The Bad Ventricle - Revascularization Versus Transplantation

T. D. T. Tjan1 , M. Kondruweit1 , H. H. Scheld1, 6 , N. Roeder1 , M. Borggrefe2, 5 , C. Schmidt3 , O. Schober4 , M. C. Deng1, 6
  • 1Department of Cardiothoracic Surgery
  • 2Department of Cardiology and Angiology
  • 3Department of Anaesthesiology and Operative Intensive Care
  • 4Department of Nuclear Medicine
  • 5Institute for Arteriosclerosis Research
  • 6Transplantion Center, Westphalian Wilhelms University, Münster, Germany
Further Information

Publication History

Publication Date:
31 December 2000 (online)

Background: The proportion of patients with left-ventricular dysfunction (LVD) undergoing high risk revascularization is increasing. In this patient group, the perioperative risk is elevated because of the pre-existing pathophysiology. Detailed evaluation and interdisciplinary differential therapeutic considerations on the basis of the comparative benefit rationale, with cardiac transplantation alternative, is mandatory. Methods: Among 7275 patients who underwent coronary artery bypass grafting between 1990 and 1998 in our institution, we found 51 patients who had had an ejection fraction < 20 %, and thus were candidates for transplantation (group CABG); these were compared with 163 patients who were listed for cardiac transplantation because of ischemic cardiomyopathy (group HTX). The survival analysis was performed on the basis of the intention-to-treat principle independent of subsequent transplantation. Results: Both groups were comparable with regard to left-ventricular ejection fraction; pulmonary capillary wedge pressure and serum creatinine, but patients in the CAGB group were older (63 ± 11 vs 56 ± 8; p = 0.001) and included a higher percentage of women (m/f: 42/9 vs 152/11; p = 0.03). Nevertheless, there was a similar 1-year survival in both groups (group BP 71.9 % vs group HTX 66.3%; p = ns). Looking at the CABG group, the internal thoracic artery was used in 36/51 patients, an intra-aortic balloon pump was used preoperatively in 26 patients, and intraoperatively in 6. Left-ventricular assist devices had to be inserted in three patients, extracorporeal menbrane oxygenation once. Perioperative (30 day) survival was 88.2 %. An elevated preoperative serum creatinine and the nonusage of the internal thoracic artery predicted an adverse outcome.

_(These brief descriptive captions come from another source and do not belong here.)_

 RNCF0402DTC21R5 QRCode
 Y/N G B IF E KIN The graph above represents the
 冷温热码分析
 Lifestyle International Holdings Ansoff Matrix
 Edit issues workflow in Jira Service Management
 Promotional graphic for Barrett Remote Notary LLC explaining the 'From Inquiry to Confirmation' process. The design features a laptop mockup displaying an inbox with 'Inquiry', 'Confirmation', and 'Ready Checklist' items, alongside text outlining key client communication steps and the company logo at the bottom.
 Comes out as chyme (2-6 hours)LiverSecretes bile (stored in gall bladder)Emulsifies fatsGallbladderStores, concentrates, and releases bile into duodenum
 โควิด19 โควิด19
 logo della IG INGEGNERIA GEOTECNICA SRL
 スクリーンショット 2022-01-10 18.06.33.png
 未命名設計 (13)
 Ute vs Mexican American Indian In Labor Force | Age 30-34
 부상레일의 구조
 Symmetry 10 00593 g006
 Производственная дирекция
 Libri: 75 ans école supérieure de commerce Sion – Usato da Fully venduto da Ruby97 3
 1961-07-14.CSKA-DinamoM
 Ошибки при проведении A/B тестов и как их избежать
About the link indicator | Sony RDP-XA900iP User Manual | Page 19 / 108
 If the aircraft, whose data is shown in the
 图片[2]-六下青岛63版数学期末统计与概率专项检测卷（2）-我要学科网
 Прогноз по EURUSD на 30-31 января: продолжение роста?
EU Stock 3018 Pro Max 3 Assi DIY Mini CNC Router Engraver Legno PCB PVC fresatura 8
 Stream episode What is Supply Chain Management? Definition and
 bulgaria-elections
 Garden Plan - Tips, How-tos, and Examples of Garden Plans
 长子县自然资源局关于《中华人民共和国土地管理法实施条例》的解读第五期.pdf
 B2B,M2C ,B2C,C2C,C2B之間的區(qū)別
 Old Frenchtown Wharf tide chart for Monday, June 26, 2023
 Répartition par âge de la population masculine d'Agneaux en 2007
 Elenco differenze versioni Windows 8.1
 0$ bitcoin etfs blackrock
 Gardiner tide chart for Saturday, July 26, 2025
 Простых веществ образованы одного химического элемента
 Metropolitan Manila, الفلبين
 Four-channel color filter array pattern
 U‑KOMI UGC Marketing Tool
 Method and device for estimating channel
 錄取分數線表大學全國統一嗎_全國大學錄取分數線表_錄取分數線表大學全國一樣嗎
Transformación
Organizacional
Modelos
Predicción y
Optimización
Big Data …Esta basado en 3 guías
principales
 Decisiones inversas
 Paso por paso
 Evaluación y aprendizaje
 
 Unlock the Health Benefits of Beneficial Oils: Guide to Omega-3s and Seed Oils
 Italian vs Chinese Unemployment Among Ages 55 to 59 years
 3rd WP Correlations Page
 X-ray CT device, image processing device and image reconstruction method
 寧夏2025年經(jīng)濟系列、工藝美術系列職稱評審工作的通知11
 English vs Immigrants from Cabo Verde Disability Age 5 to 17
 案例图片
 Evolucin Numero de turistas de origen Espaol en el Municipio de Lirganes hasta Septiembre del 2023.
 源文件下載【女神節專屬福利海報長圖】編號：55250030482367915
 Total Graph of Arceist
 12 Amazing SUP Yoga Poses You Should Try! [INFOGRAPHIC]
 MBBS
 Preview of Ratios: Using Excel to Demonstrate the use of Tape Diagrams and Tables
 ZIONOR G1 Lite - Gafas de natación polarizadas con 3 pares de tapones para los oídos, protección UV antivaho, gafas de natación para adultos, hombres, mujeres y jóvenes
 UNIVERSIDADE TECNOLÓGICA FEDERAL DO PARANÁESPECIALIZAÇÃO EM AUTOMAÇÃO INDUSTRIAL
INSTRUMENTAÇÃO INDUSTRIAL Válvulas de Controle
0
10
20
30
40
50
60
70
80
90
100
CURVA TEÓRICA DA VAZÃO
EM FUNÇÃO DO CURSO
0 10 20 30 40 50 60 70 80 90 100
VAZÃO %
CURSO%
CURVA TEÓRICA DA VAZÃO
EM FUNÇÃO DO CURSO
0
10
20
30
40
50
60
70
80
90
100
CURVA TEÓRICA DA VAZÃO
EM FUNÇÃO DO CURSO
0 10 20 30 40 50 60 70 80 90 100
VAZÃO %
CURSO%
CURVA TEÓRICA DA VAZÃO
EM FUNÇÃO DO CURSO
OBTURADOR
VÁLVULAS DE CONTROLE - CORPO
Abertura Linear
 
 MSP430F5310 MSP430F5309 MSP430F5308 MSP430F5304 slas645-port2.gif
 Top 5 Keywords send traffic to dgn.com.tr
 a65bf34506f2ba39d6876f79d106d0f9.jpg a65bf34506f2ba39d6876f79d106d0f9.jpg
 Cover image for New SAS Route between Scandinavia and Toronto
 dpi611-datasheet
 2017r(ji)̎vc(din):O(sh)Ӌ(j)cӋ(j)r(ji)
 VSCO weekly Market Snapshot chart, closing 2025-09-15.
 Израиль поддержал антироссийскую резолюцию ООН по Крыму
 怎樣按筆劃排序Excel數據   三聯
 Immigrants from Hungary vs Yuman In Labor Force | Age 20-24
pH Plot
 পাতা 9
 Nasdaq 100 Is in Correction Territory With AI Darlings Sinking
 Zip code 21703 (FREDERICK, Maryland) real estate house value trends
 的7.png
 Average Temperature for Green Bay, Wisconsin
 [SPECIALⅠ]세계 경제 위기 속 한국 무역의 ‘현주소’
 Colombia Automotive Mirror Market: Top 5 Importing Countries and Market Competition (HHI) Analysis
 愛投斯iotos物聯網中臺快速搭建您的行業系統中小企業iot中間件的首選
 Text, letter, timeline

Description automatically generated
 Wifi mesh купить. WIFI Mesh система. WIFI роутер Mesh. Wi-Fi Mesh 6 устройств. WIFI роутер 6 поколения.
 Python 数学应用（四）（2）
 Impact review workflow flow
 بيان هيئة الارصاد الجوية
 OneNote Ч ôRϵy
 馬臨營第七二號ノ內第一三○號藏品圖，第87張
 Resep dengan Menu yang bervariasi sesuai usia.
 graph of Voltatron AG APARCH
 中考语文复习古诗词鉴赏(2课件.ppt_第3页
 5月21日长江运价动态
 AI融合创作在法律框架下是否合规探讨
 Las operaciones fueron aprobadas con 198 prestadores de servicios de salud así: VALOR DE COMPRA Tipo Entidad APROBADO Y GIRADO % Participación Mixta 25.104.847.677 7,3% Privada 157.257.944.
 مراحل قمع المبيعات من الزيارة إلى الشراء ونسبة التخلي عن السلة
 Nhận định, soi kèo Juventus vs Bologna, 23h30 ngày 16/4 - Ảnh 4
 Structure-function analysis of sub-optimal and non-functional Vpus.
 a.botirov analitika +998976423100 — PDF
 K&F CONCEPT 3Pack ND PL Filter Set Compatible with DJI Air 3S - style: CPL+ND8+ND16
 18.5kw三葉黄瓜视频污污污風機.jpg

In the long-term course, the NYHA functional class improved in most cases from III preoperatively to I after 26 (2 - 66) months. Conclusion: We conclude that patients with ischemic cardiomyopathy, viable myocardium, and graftable vessels can be revascularized with acceptable risk. Since for these patients a standby of mechanical circulatory support must be anticipated perioperatively, this infrastructure should be established within the center.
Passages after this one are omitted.